Predictions
Once an AI model instance is active and has completed its first run, BPP makes its prediction scores available as filter fields throughout the platform — in the audience builder and in signal value formulas.
Prediction refresh schedule
Models run daily by default (at 2:00 AM UTC). The latest scores are always from the most recent run. Historical scores accumulate over time so you can track how customer predictions evolve.
If a daily run fails, the previous scores remain available — BPP does not clear existing data on a failed run.
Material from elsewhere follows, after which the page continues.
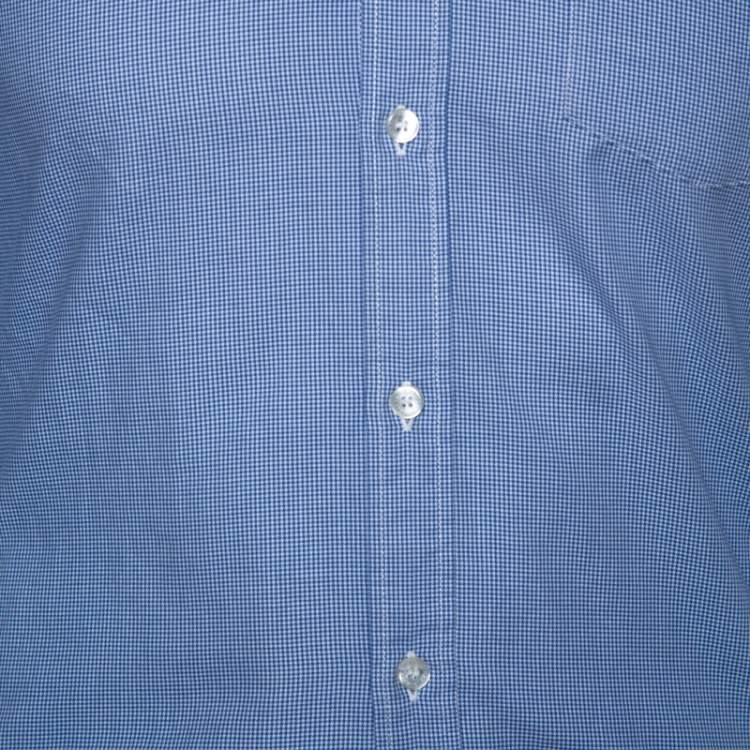 Pre Owned Burberry Brit Blue & White Houndstooth Pattern Button Down Shirt S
Output fields by model type
Action Prediction
| Field | What it is |
|---|---|
action_prediction_score | Probability (0–1) that this customer will perform the target action. Higher = more likely. |
score_bucket | The probability split into deciles (1–10). Bucket 10 = top 10% most likely. |
Training quality metrics (feature importance, model accuracy) are visible on the model instance detail page — not in the audience builder.
RFM Clustering
| Field | What it is |
|---|---|
recency_score | How recently the customer transacted (relative score 1–5, higher = more recent). |
frequency_score | How often the customer transacts (relative score 1–5, higher = more frequent). |
monetary_score | How much the customer spends (relative score 1–5, higher = more valuable). |
rfm_cluster | Segment label: Champions, Loyal Customers, At Risk, Hibernating, etc. |
pcLTV — Predicted Customer Lifetime Value
| Field | What it is |
|---|---|
pcltv_<horizon> | Predicted revenue from this customer over the configured time horizon (e.g., pcltv_6m = next 6 months). |
Interest
| Field | What it is |
|---|---|
taxonomy_name | The type of interest model (product, iab, or custom). |
value | A ranked list of this customer's top interests. |
Using predictions in audiences
Once a model reaches Complete status, its output fields appear in the audience filter builder.
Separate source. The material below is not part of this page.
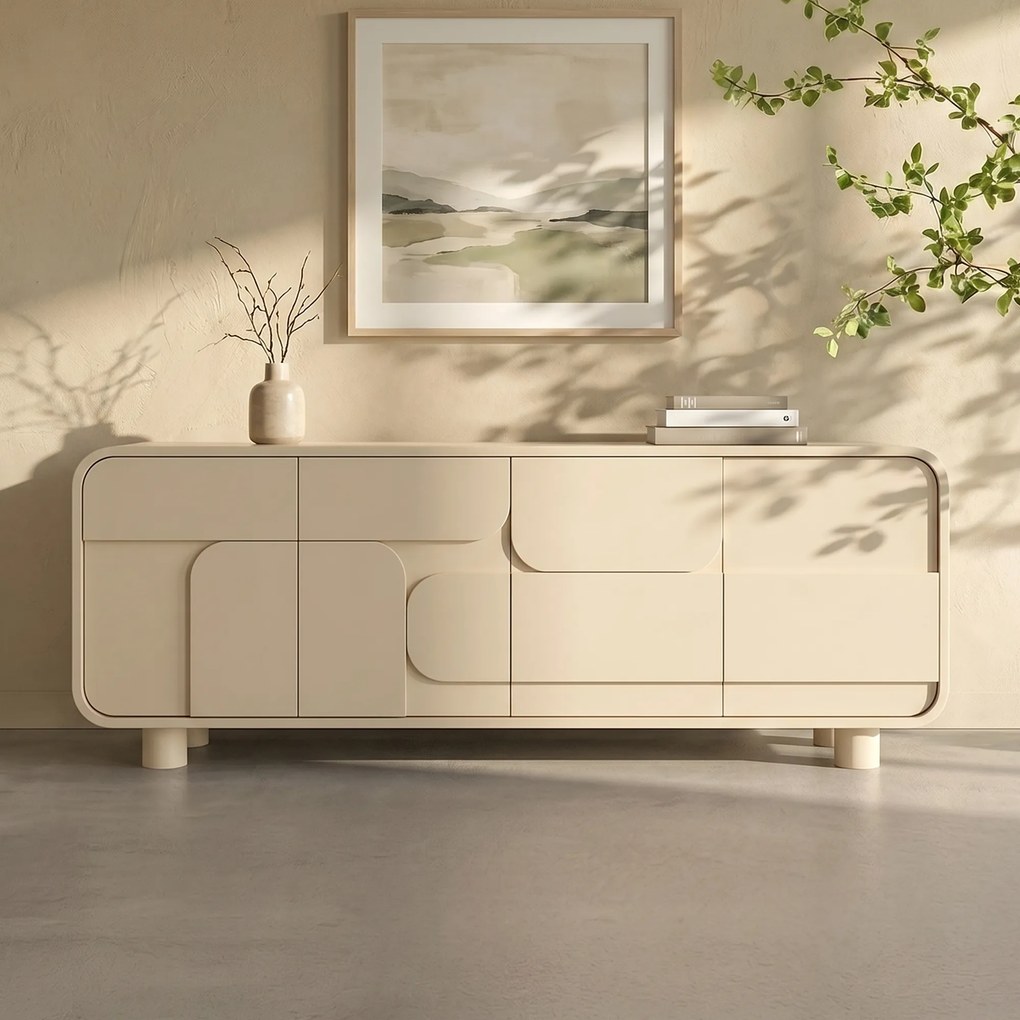 Beige Dressoir Organisch 210 Cm - 210x40x80cm.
Example filter conditions you can build:
| Model | Example condition | What it targets |
|---|---|---|
| Action Prediction | action_prediction_score >= 0.80 | Top 20% most likely to perform the action |
| RFM | rfm_cluster IN (Champions, Loyal Customers) | Your highest-value segments |
| pcLTV | pcltv_6m >= 200 | Customers expected to generate over €200 in 6 months |
| Interest | interest_iab contains Sports | Customers with a Sports interest signal |
You can combine model output conditions with any other filter — for example: country = Italy AND action_prediction_score >= 0.75.
Using predictions in signals
Prediction scores can also be used as conversion values in signals. For example:
ActionPredictionScore × 500— send a value-weighted conversion to Google Ads, so Smart Bidding optimises for high-propensity users.pcltv_6m × 1— send the predicted LTV as the conversion value so bidding optimises for long-term customer value.
When predictions become visible
Prediction fields are hidden in the audience builder until the model completes its first successful run. This prevents incomplete or placeholder data from appearing in your filter options. After the first successful run, the fields become available automatically.